On the night of 3/4 December 1991, neighbors of her apartment in the Lichtenberg borough of eastern Berlin reported loud arguments, barking dogs and many men coming and going to police. When they arrived, they found Ulbricht's body, with facial injuries and showing signs of prolonged alcohol abuse. She had either fallen or been beaten; the manner of death, whether an accident or homicide, has never been determined. If she was murdered, her death has been linked to that of a man, said to have once been her lover, found stabbed in his burnt apartment almost two years later. Lotte Ulbricht was apparently unsurprised, saying "Fancy that ...", when a reporter visited her to inform her of her daughter's death.
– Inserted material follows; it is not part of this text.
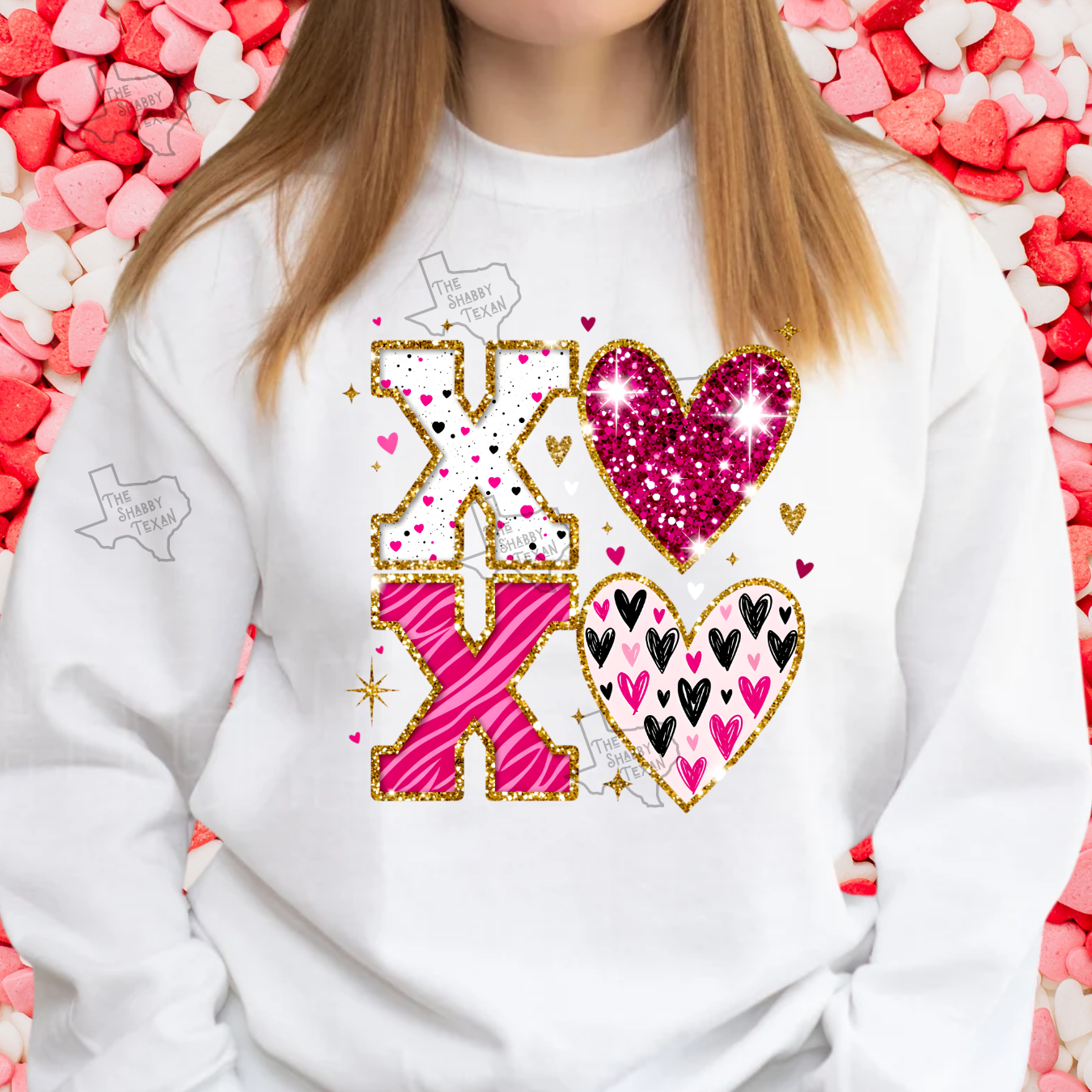 Gold Glitter Valentines XOXO Shirts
==Relationship with adoptive parents==
Upon Ulbricht's adoption, she was expected to play her part as a member of the model East German socialist family. Lotte Ulbricht wrote to adoption authorities that she aspired to raise her daughter into a "valuable member of the new Germany." According to her housekeeper, "[she] wanted above all for [Beate Ulbricht] to be the best." Public and private pressures became increasingly burdensome to her as she got older. When in her teenage years she began to rebel against her parents, she was punished by being sent to study in the Soviet Union.

After Ulbricht wed her first husband, she was subjected to a campaign of harassment by East German authorities. Her parents revoked her privileges, cut off further contact, and forced her to work as a solderer at the VEB Stern-Radio plant in Berlin. She learned after her father's death that she had been disinherited from his will.

Ulbricht spoke warmly about her adoptive father, Walter, who had treated her well and doted upon her. But she referred to her mother, Lotte, as "the hag," calling her "cold-hearted and egotistic." According to her, Walter Ulbricht married Lotte on the orders of Stalin.